I am hoping to send my 4 year old to the local Spanish school in Frigiliana but cannot get hold of them by phone. I'm currently in the UK and hope to be living in Frigiliana by Easter. Does anyone on the forum send their children there and have any opinions about the place? Thanks


----------



## Dbarclay (Feb 13, 2014)

*Frigiliana*

Hi we are also thinking of relocating there but can't seem to find much info on the school ! My daughter is 6 I'm just a bit worried about schooling in Spain !


----------



## xabiaxica (Jun 23, 2009)

Dbarclay said:


> Hi we are also thinking of relocating there but can't seem to find much info on the school ! My daughter is 6 I'm just a bit worried about schooling in Spain !

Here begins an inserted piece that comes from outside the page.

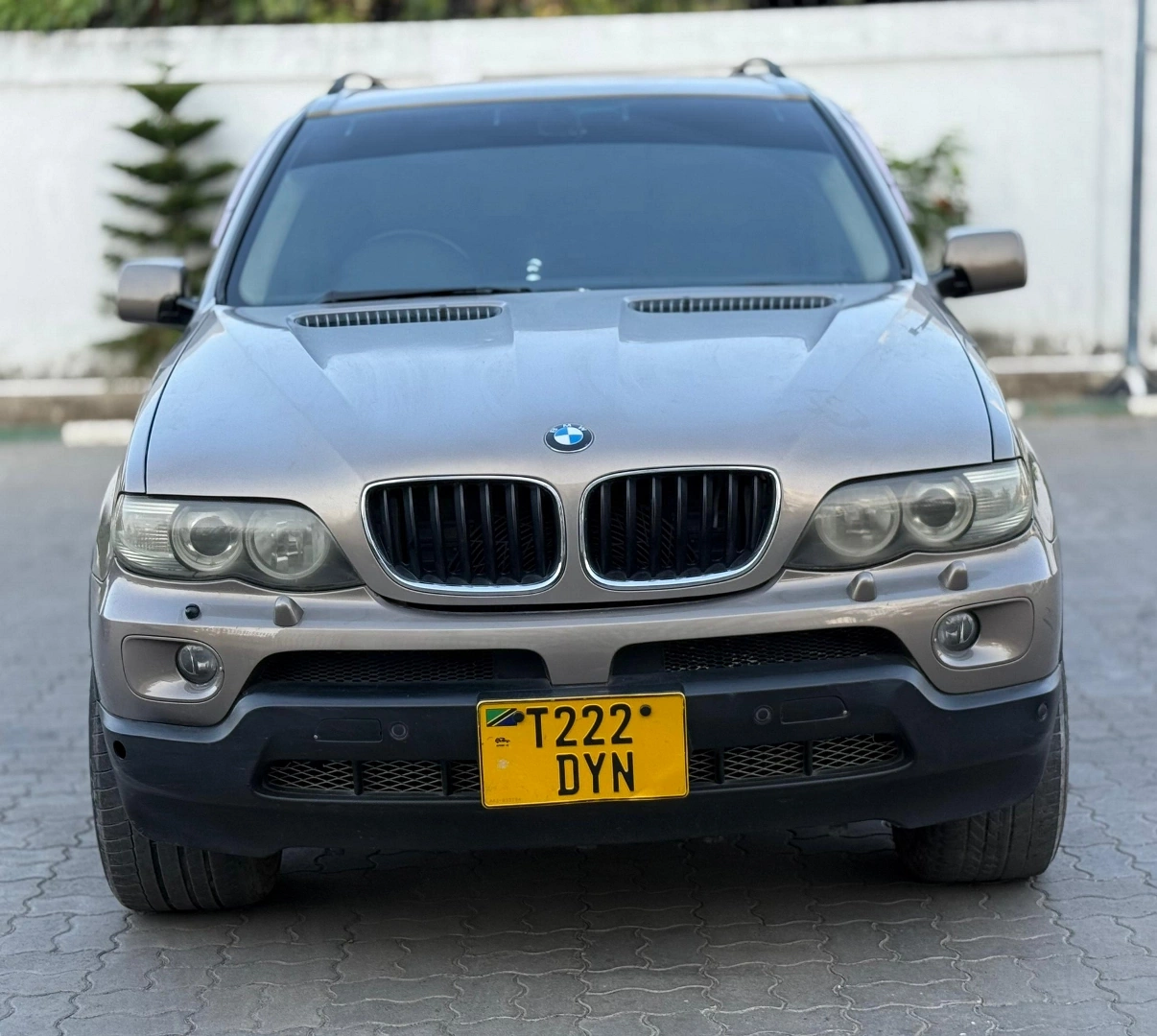 Used BMW X5 SUV 2006 (Exchange Allowed) thumbnail 2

there's lots of info here on the forum about the education system

take a look at http://www.expatforum.com/expats/sp...-living-spain/2725-faqs-lots-useful-info.html

there's a whole section about education!


----------



## thrax (Nov 13, 2008)

The school is very good but the only problem we had when we had to choose between Frigiliana and Torrox was parking. There isn't any so dropping off your child if you can't walk is a nightmare. As far as I know you will not be able to register the child online or by phone. You have to go in person. It will also depend on whether or not they have any spare places. You might be better off waiting until the September start but you will still need to enrol, in person, by June. You also have to be on the Padron and have your residencia in place including residencia for your child.


----------



## Donna Tristram (Jan 4, 2014)

I visited earlier this week when I was over and found the head teacher very nice and accommodating, although he was very busy and didn't speak much English. He was very keen to show me around and I gather there are 2 classrooms of about 15 children per class for the 4 year olds (I'm not sure about as they get older). The school has a very different feel to it than ours, particularly the noisy corridors. Kevin at the town hall is most helpful about what forms need filling in and it is a matter of forms as as soon as they have all the info you need, your child can go in the next day. I think it will be a culture shock, but one easily recovered from (for the children anyway!) Anything else I can help with, just ask. All the best. Donna


Dbarclay said:


> Hi we are also thinking of relocating there but can't seem to find much info on the school ! My daughter is 6 I'm just a bit worried about schooling in Spain !


----------